NEOMYCIN SULFATE AND DEXAMETHASONE SODIUM PHOSPHATE
Clinical safety rating: safe
Other nephrotoxic or ototoxic drugs increase risk of toxicity Can cause ototoxicity and nephrotoxicity with systemic use.
Neomycin is an aminoglycoside antibiotic that inhibits bacterial protein synthesis by binding to the 30S ribosomal subunit, causing misreading of mRNA and cell death. Dexamethasone is a corticosteroid that suppresses inflammation by inhibiting phospholipase A2, reducing prostaglandin and leukotriene synthesis.

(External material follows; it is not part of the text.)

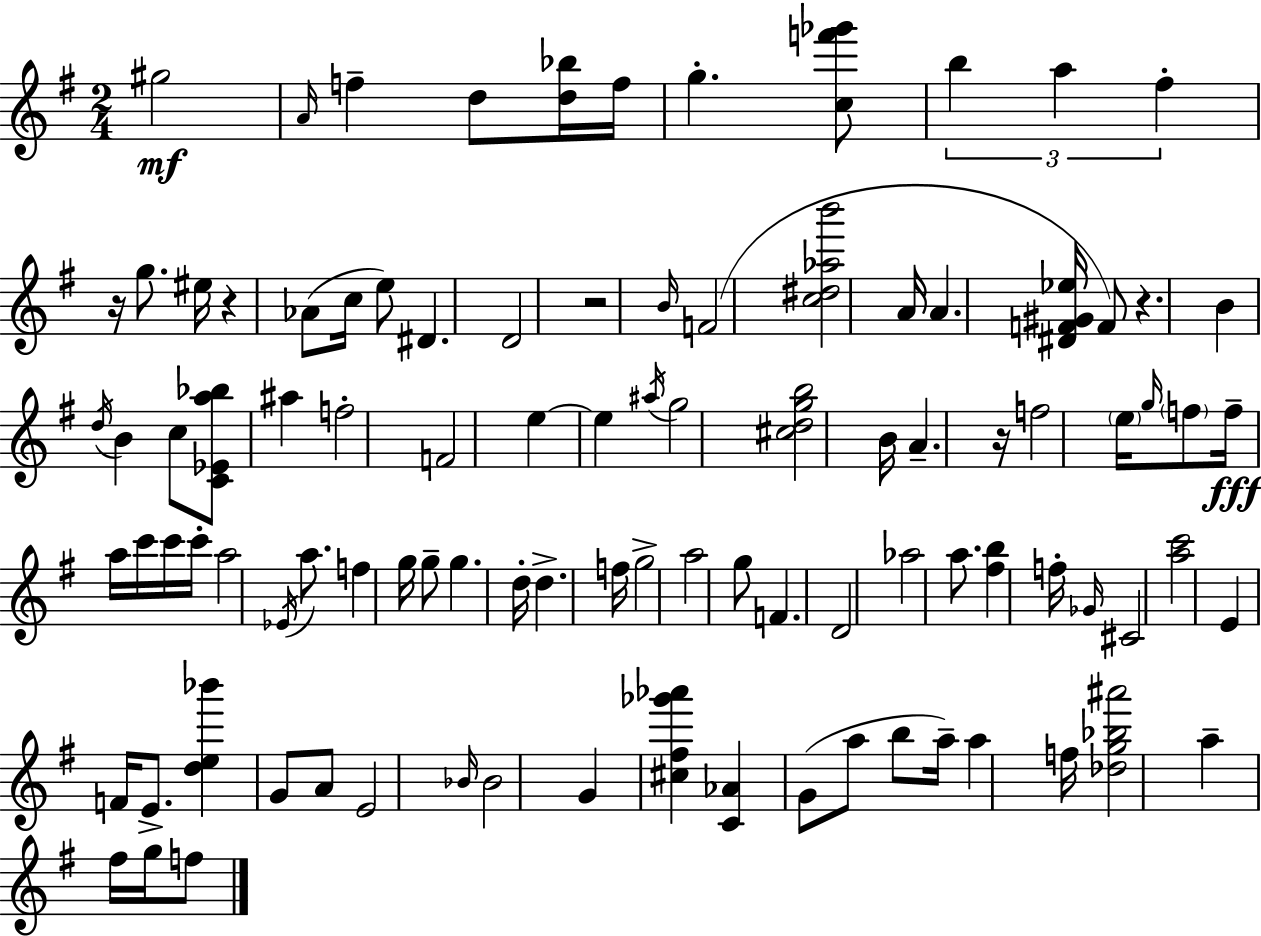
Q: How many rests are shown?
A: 5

| Metabolism | Neomycin is minimally metabolized; excreted primarily unchanged in urine. Dexamethasone is metabolized in the liver via CYP3A4. |
| Excretion | Renal: neomycin ~30-80% unchanged; dexamethasone phosphate ~80% as free/free glucuronide metabolites. Fecal: negligible. |
| Half-life | Neomycin: 2-3 h (topical/ophthalmic absorption minimal; if significant, prolonged in renal impairment). Dexamethasone: 4-6 h (ophthalmic, systemic if absorbed). |
| Protein binding | Neomycin: minimal to none (~0%). Dexamethasone: ~77% (primarily albumin). |
| Volume of Distribution | Neomycin: 0.2-0.4 L/kg (largely extracellular; limited to local sites). Dexamethasone: 0.6-1.0 L/kg (widely distributed; crosses blood-eye barrier). |
| Bioavailability | Ophthalmic (topical): minimal systemic absorption (<0.1% of dose for both drugs). |
| Onset of Action | Ophthalmic: neomycin/dexamethasone – within 24-48 h for infection/inflammation control; topical (eye drops) – minutes to hours for symptomatic relief. |
| Duration of Action | Ophthalmic: 4-6 h dosing interval typical; duration of clinical effect 6-12 h after single dose. Anti-inflammatory effect lasts 24-48 h after dexamethasone penetration. |
| Molecular Weight | Neomycin sulfate: 908.9 Da (neomycin B base: 614.6 Da; neomycin C base: 614.6 Da; as sulfate: 908.9 Da). Dexamethasone sodium phosphate: 516.41 Da (dexamethasone base: 392.46 Da). |
1-2 drops of ophthalmic solution (neomycin 3.5 mg/mL and dexamethasone 1 mg/mL) or ointment (neomycin 3.5 mg/g and dexamethasone 1 mg/g) into the affected eye(s) every 4-6 hours; in severe cases, every 1-2 hours initially and tapered. For otic use: 3-4 drops into the affected ear(s) 3-4 times daily. Topical: apply thin layer to affected area 1-3 times daily.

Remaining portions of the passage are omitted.